Gut elf Minuten lang sprach Premier Fiala am Montagnachmittag zu den tschechischen Bürgern. Die Rede wurde live übertragen, unter anderem im öffentlich-rechtlichen Tschechischen Fernsehen (ČT). Als außerordentliche Ansprache hatte Fiala seine Ausführungen angekündigt. Er wisse, dass die internationale Lage viele Menschen im Land beunruhige, sagte der Regierungschef. Selbst wolle er aber lieber von neuen Herausforderungen sprechen, meinte Petr Fiala und erläuterte:
„Die internationale Ordnung, also so etwas wie die ungeschriebenen Regeln, an denen sich die Beziehungen zwischen den einzelnen Staaten der Welt orientieren, durchläuft in diesen Tagen den größten Wandel seit dem Fall des Kommunismus zu Ende der 1980er und Beginn der 1990er Jahre.“
Die Grundlagen für diese internationale Ordnung seien jedoch schon nach dem Zweiten Weltkrieg gelegt worden und hätten auf einer starken Rolle der USA beruht, so der tschechische Premier. Der neue US-Präsident Trump hätte nun aber sich entschieden, die Außenpolitik seines Landes grundlegend zu verändern, sagt Fiala:
„Die Geschwindigkeit, der Nachdruck und die Rhetorik, mit der das geschieht, ist sicher überraschend. Aber die Abkehr der USA von der Konzentration auf Europa sollte uns nicht erstaunen, sie hat schon mindestens vor zehn Jahren eingesetzt.“
Zugleich sieht Fiala die USA weiter als Partner, allerdings unter anderen Vorzeichen…
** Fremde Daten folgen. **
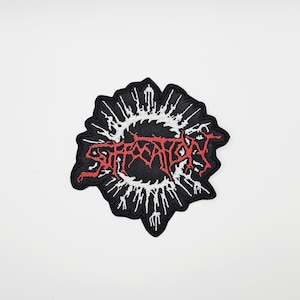 Può includere: Toppa nera ricamata con la scritta "SUFFOCATION" in rosso, con lettering stilizzato. La toppa ha uno sfondo nero con un bordo bianco e appuntito, che ricorda un'esplosione. Per abbigliamento o accessori.
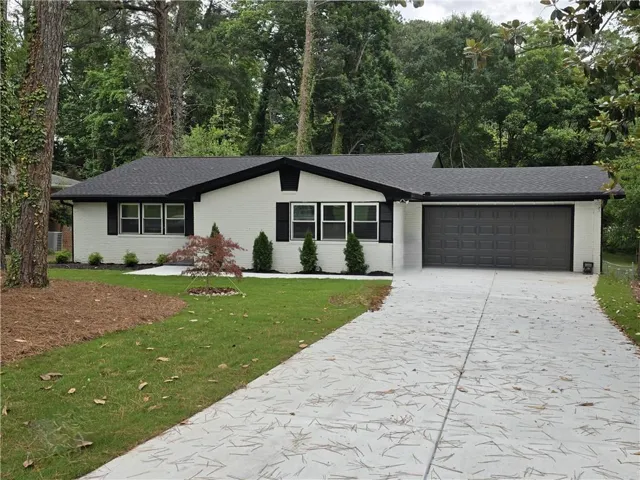 White brick exterior with black trim and a dark shingle roof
„Man muss sich daran gewöhnen, dass dieser Partner uns offen eines klarmacht: Die Zeit ist gekommen, dass die europäischen Staaten sich selbst um ihre Probleme kümmern. Und da geht es nicht nur um Verteidigung und Sicherheit, sondern auch um wirtschaftliche Zusammenarbeit und die internationalen Beziehungen.“
In der Ansprache skizzierte darauf Premier Fiala, was aus der Sicht Tschechiens als mittelgroßem EU-Land getan werden müsste. Dabei strich er heraus, dass man hierzulande aufgrund der Erfahrungen von Kommunismus und der sowjetischen Besatzung ab 1968 die Gefahr genau kenne, die von Russlands Großmachtambitionen ausgehe. Nur durch Nato- und EU-Mitgliedschaft, europäische Verteidigungszusammenarbeit und entsprechende Ausgaben könne die Sicherheit Tschechiens garantiert werden.
„Unser wichtigstes Ziel muss nun ein starkes Europa sein, das in der Lage ist, Russland von weiteren militärischen Angriffen auf souveräne Staaten des Kontinents abzuschrecken. Und es ist gut, das genau heute zu betonen – da wir an den dritten Jahrestag des russischen Einmarschs in die Ukraine erinnern“, so der Premier.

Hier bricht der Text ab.